Entre tanto, la policía, haciendo gala de su efectividad, declara haber localizado al menor desaparecido y se apresta a rescatarlo, no sin antes advertir la naturaleza salvaje del captor y el total desconocimiento de las razones del rapto.  Aunque hay claros indicios, por los testimonios recabados, de los signos de perversión de El Serpiente y el interés por hacerse a un niño como forma de aprovisionamiento para los meses de invierno. Es decir, para servir de alimento. Esto explica claramente que eligiera a un niño bien nutrido y no a un escuálido hijo de padres trabajadores que probablemente solo se alimenta de cereales y arroz con huevo. Pero estas son especulaciones de la autoridad. Los hechos son hechos y la claridad es el signo que acompaña las devastadoras intenciones del subterráneo hombre-serpiente. Además, un aspecto un poco más técnico se eleva dentro de la mente perspicaz de los investigadores: la posibilidad de que el niño desarrolle una nueva variante del síndrome de Estocolmo y decida, merced a su mente trastornada a causa del trauma por el secuestro, no enamorarse sino identificarse con su raptor y se transforme en una nueva cría de serpiente.
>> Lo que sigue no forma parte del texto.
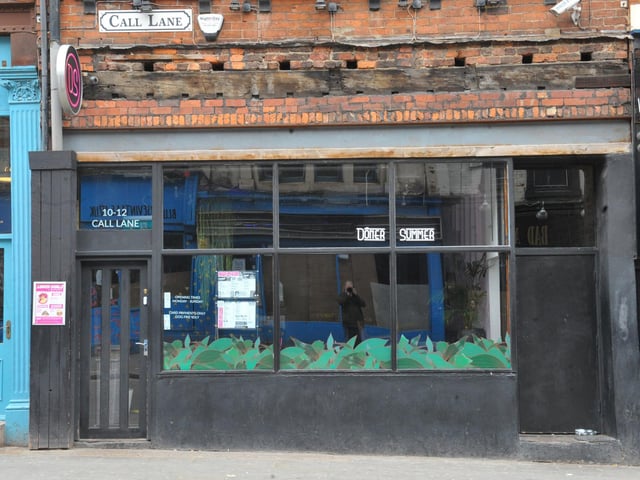 Walk past the Corn Exchange and we're now over on the other section of Call Lane, home to the vegan junk food spot Doner Summer. Open until 11pm on Fridays and Saturdays, it's the perfect place to start or end a day sesh - there's burgers, doner teller trays, vegan kebabs and fried chick'n combo platters. And it's delicious.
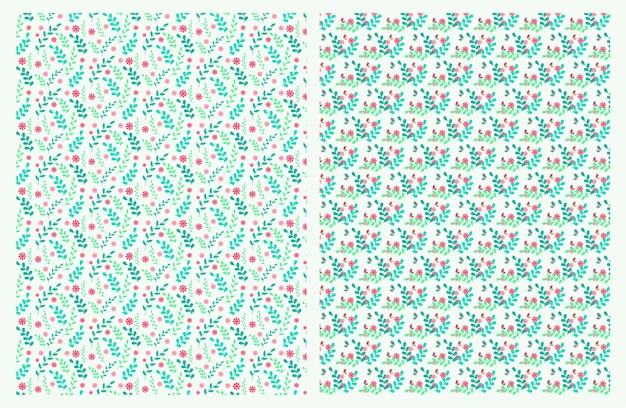 Abstract flowers and leaves seamless pattern set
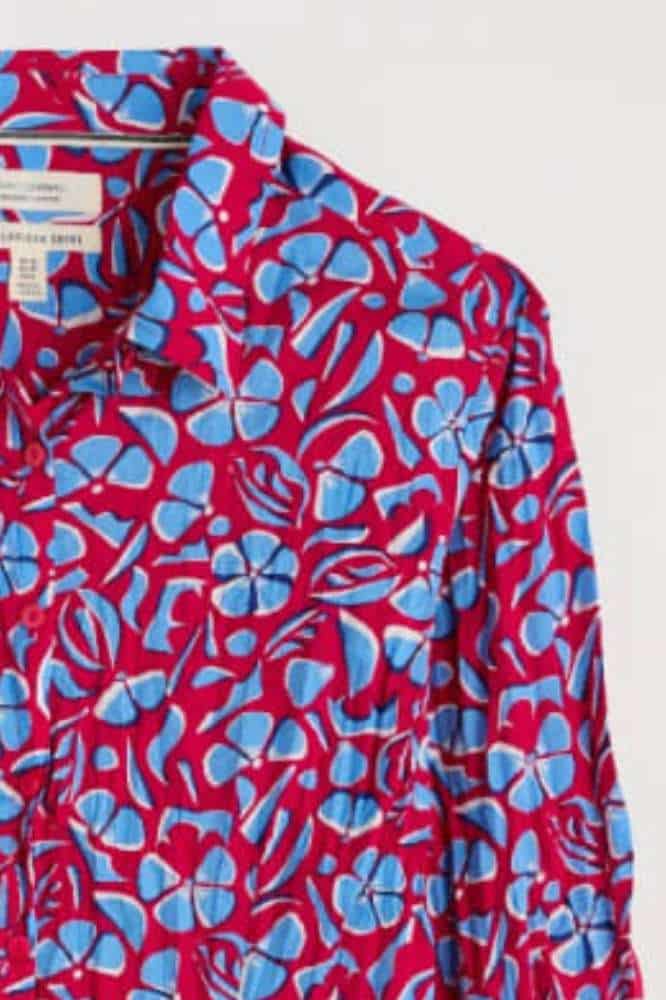 Seasalt Cornwall Larissa Shirt Collaged Floral Scarlet - La Vie en Rose Damesmode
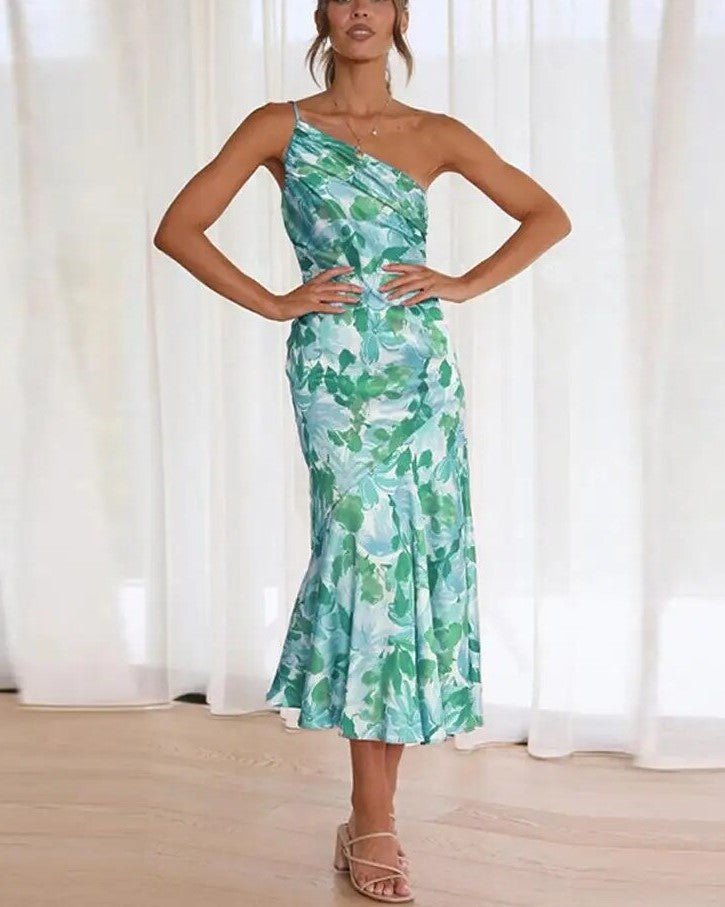 Zoraida Elegant Asymmetrical Floral Print Maxi Dress for Women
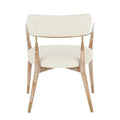 Contemporary Chair Set of 2 Cream Fabric White Washed Wood Copper Washed P820
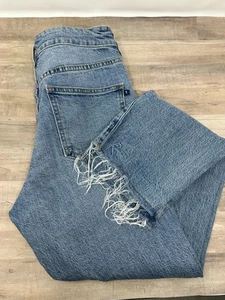 Pilcro Distressed Vintage Straight High Rise Raw Hem Jeans Gr. 28 Anthropologie - Bild 1 von 10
Aunque no lo crean, una preocupación similar asalta a El Serpiente sobre el comportamiento manifestado por el niño fisgón. Pues si él mismo decidió arrastrarse, nada, dentro de un razonamiento sano, juicioso, ponderado, podría negar la posibilidad de que el niño se transforme en un hurón o en cualquier otro enemigo de aquel animal que se mueve sobre su vientre, lo que tendría como resultado un peligro inminente para su vida. Además, por la voracidad del niño no habría nada de extraño si su hambre terminará dominando el poco cerebro que ha desarrollado. Nunca se sabe. Por tal motivo, las raciones de salamandras y sapitos son cada vez mayores para el niño, con el fin de apaciguar su apetito antes de que ingresen los cuerpos de rescate, o quien quiera que vaya a ingresar al hogar subterráneo a llevarse a la bestia.

En la superficie, los medios comienzan a cubrir la noticia y no dejan escuchar con su alboroto los gritos de El Serpiente, la masticación rápida del niño ni las comunicaciones de la policía que se apresta a irrumpir en las entrañas del hogar de un desadaptado.
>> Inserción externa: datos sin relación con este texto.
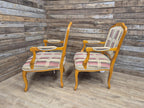 Vintage Italian Style Queen Back Open Arm Armchair Plaid Upholstery 2 Available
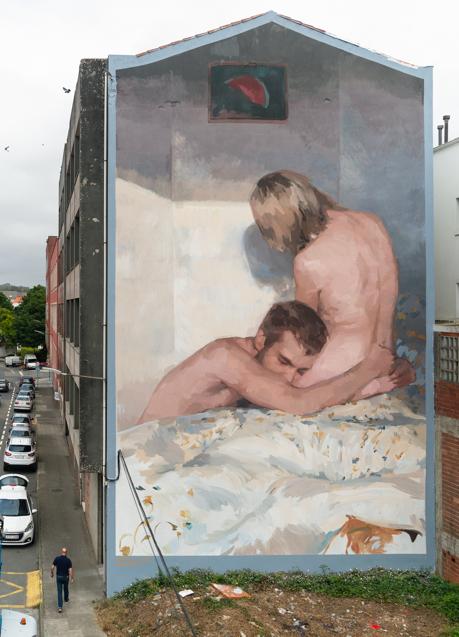 Imagen - La sandía de Joe, pintado por Alba Fabre en Carballo (A Coruña).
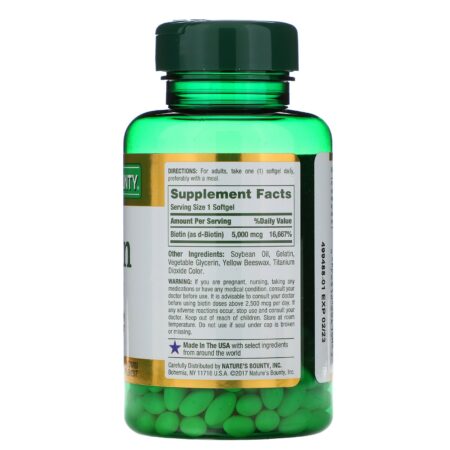 Nature's Bounty, Biotin, 5,000 mcg, 150 Rapid Release Softgels - Image 2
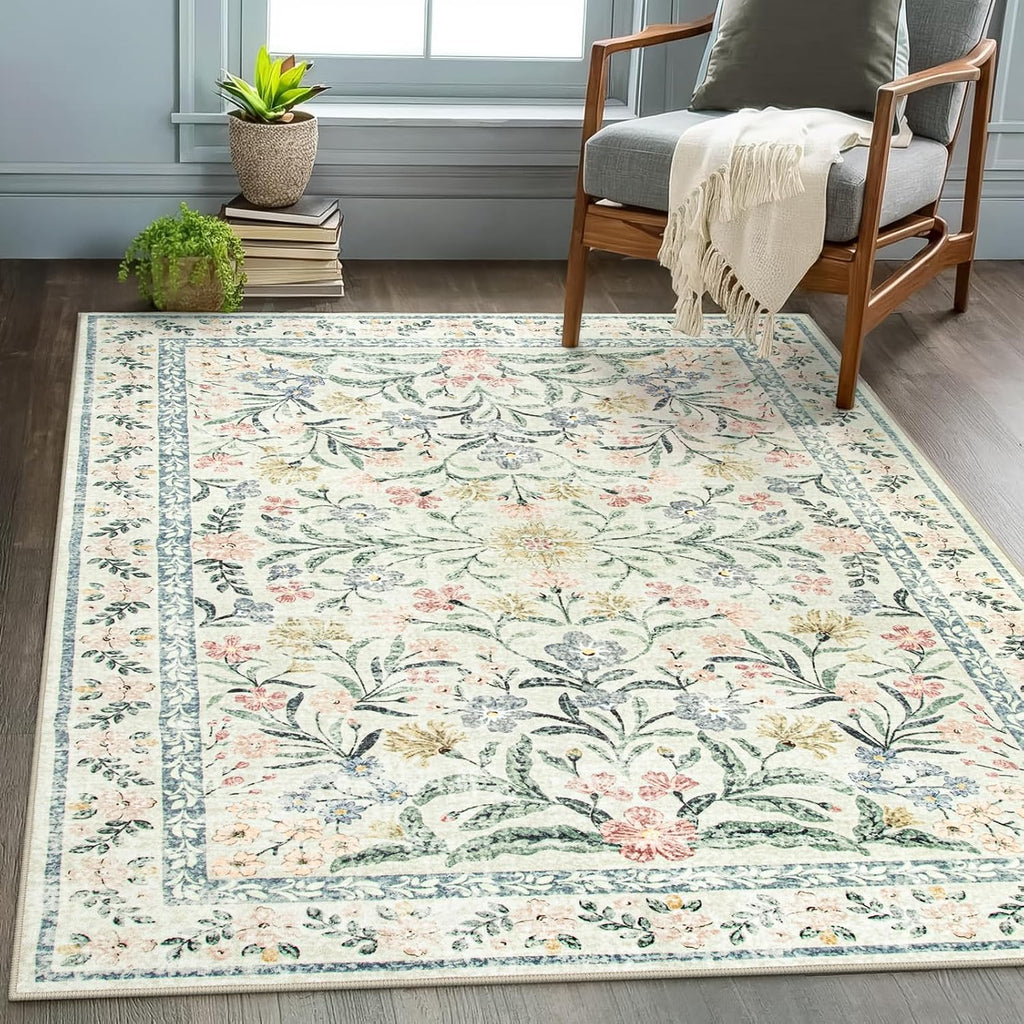 Wonnitar Washable Area Rugs 5x7, Soft Floral Bedroom Area Rug, Washable Carpet 5x7 Non Slip, Boho Flower Print Beige Carpets for Living Room Bedside Dining Room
¿Hace calor? ¿Hace frío? ¿Llueve? A quién le importa, si las lágrimas de una madre opacan cualquier sol o sobrepasan cualquier lluvia. Las señoras se visten bien porque parece que ha llegado Animal Planet a filmar.

¡Pero que no es un animal!, le dicen las vecinas al camarógrafo.
¡Cómo que no! Si se arrastra, y antes caminaba en dos patas.
Más bien es una mente criminal.
Ah, una Criminal Mind. También sirve.

En este momento, la policía enciende periódicos para hacerlo salir, esgrime garrotes, retira a los curiosos mientras el más perspicaz se pregunta qué harán si cuando lo atrapen le dan la casa por cárcel; porque no es lo mismo tener a un delincuente en la puerta de la casa, o saliendo a la tienda, o escapando a robar otro poco que tener a una serpiente. ¿Quién le va a hacer la visita domiciliaria o va a revisar que no tenga televisor ni DVD ni equipo de sonido? La madre llora frente a la cámara del Animal Planet o de las mentes criminales y pide celeridad. “¡Sáquenlo!” La policía ahora duda: una visita domiciliaria… y si de pronto muerde, al menos ya tiene un gordo…pero el deber es el deber y ya con las cámaras… y este relato… Hay que entrar, hay que sofocar ese monstruo. Nadie se queda en el primero. El que prueba un niño se ceba. Así que hay que darle en la cabeza, que las serpientes no aguantan garrotazos.

-Lo que grabe va para Animal Planet. Fílmele la cabeza cuando lo saquen.
 – Es verdad, es cabezón el niño, ya lo filmé. Viene riendo.

Ahora traen a El Serpiente. Muerto. O parece. No lo dejan ver. Se le nota la piel escamosa. O puede ser el pantalón.